▶ **EXERCISE BRIEF**
Take the lines from the one containing "Схема запчастей Case" through the final line below and restate them exactly. Omit the pictures.

(DATA RECORDS)

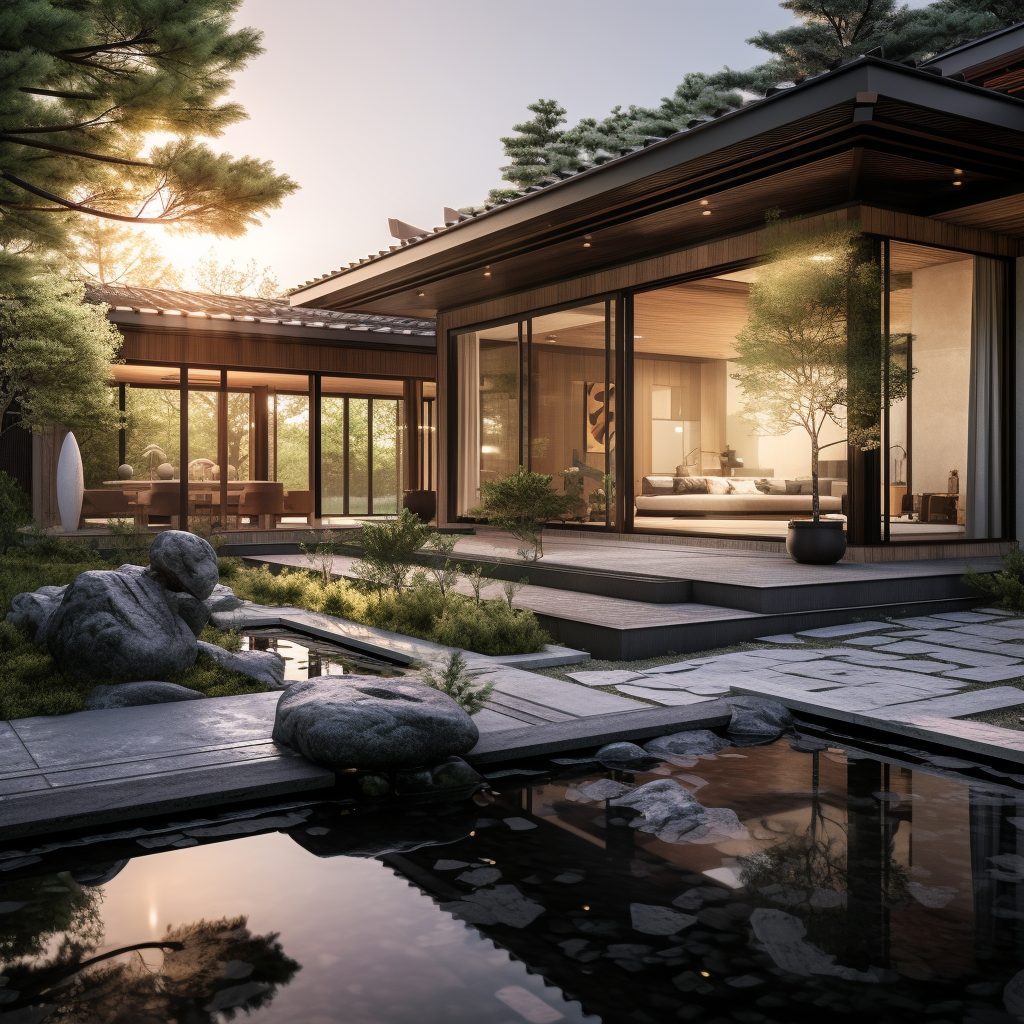 Fachada de Casa Estilo Japandi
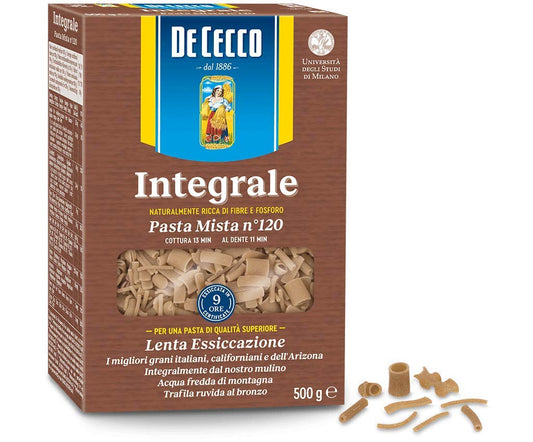 5x De Cecco Pasta Mista Integrali Italian Whole Wheat (Integrale) Mixed Pasta No. 120 500 g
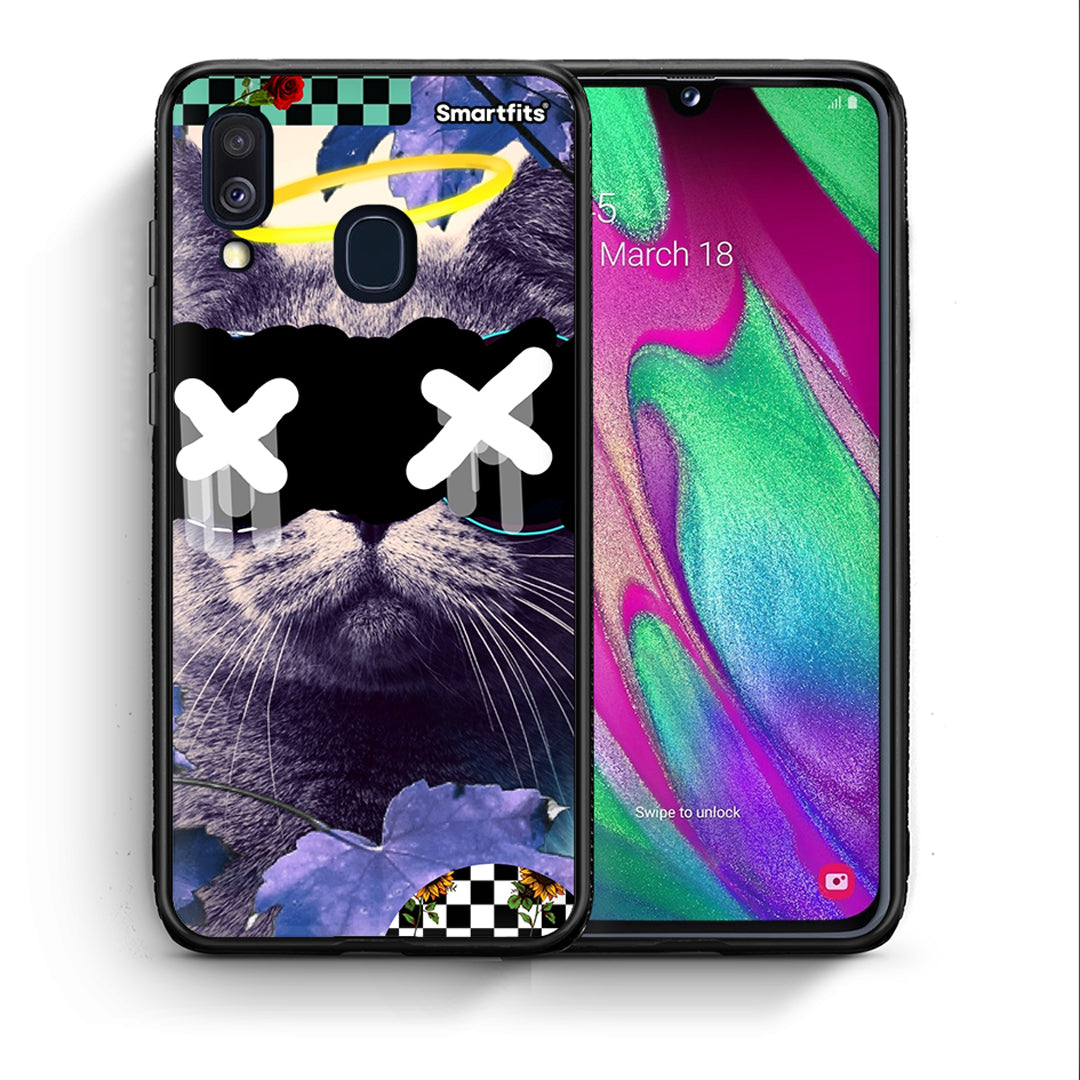 Θήκη Samsung A40 Cat Collage από τη Smartfits με σχέδιο στο πίσω μέρος και μαύρο περίβλημα | Samsung A40 Cat Collage case with colorful back and black bezels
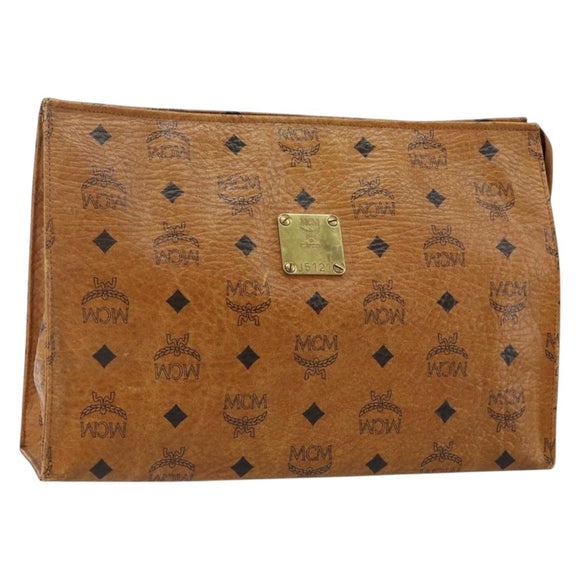 MCM Logogram Vicetos Clutch Tas PVC Leer Bruin Goud Auth am9104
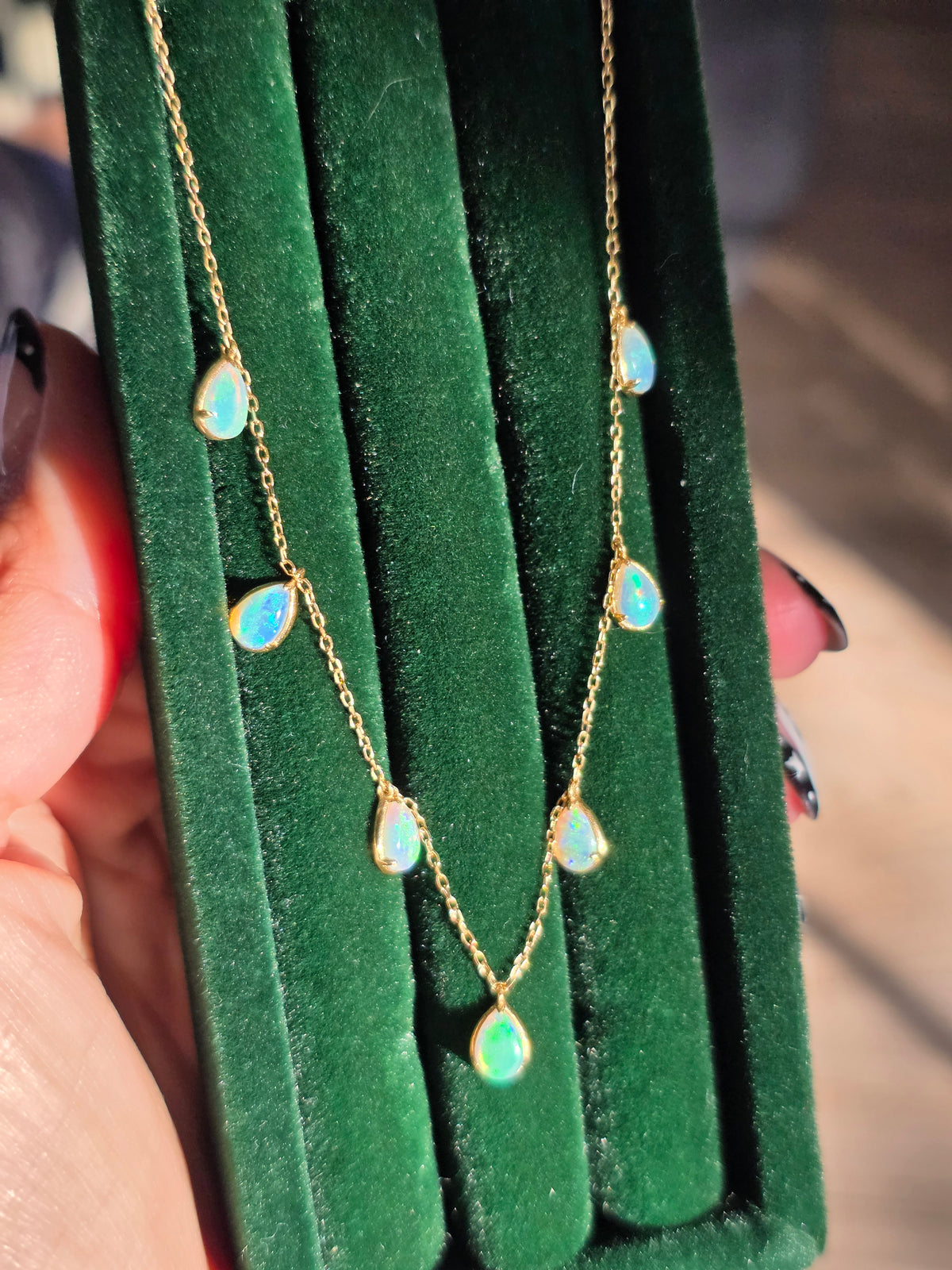 18k Golden Drops Of Fire Opal Dangle Delicate Necklace 15"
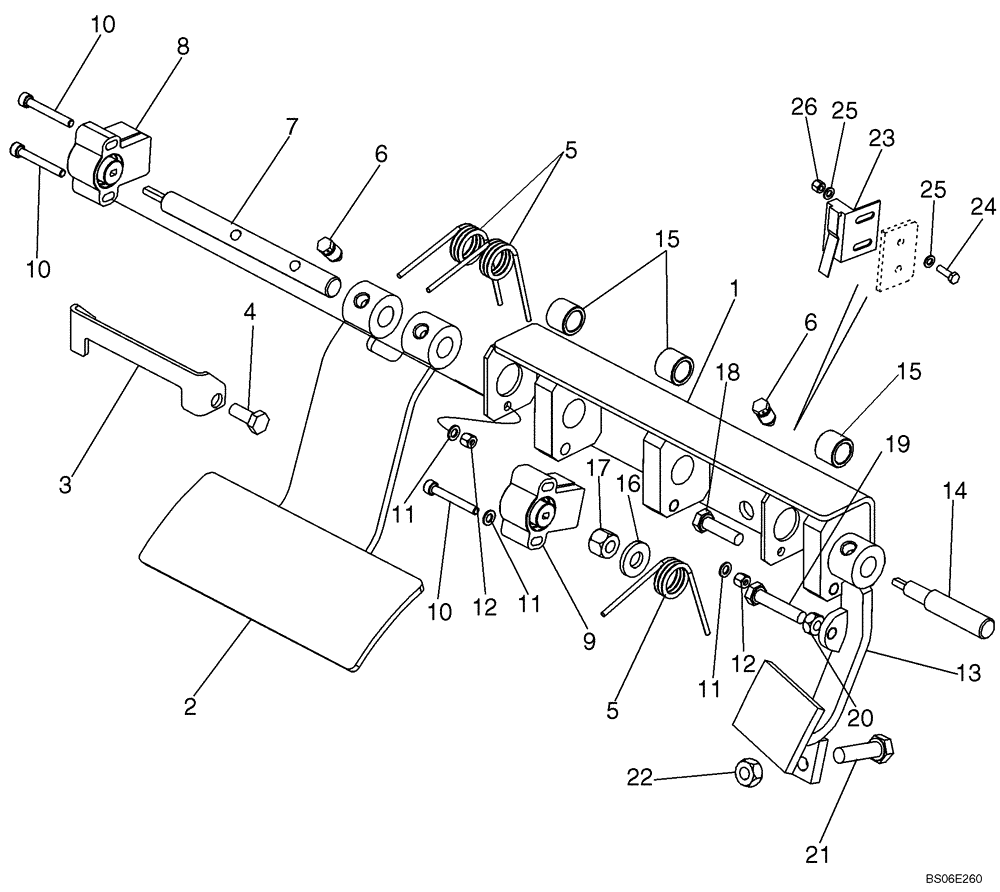 Схема запчастей Case 1150K - (07-02) - PEDALS - BRAKE AND DECELERATOR (07) - BRAKES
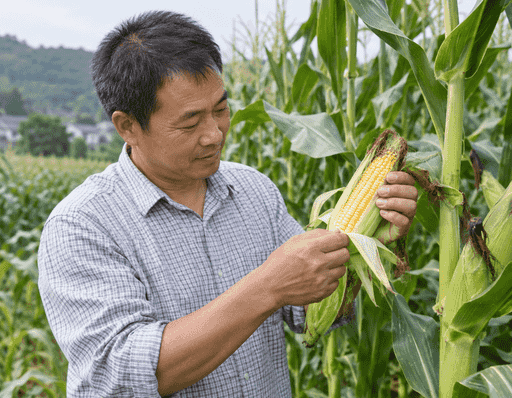 Inspection of a maize ear and standing crop before harvest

(End DATA RECORDS)

▶ **ANSWER BELOW**
 Схема запчастей Case 1150K - (07-02) - PEDALS - BRAKE AND DECELERATOR (07) - BRAKES
 Inspection of a maize ear and standing crop before harvest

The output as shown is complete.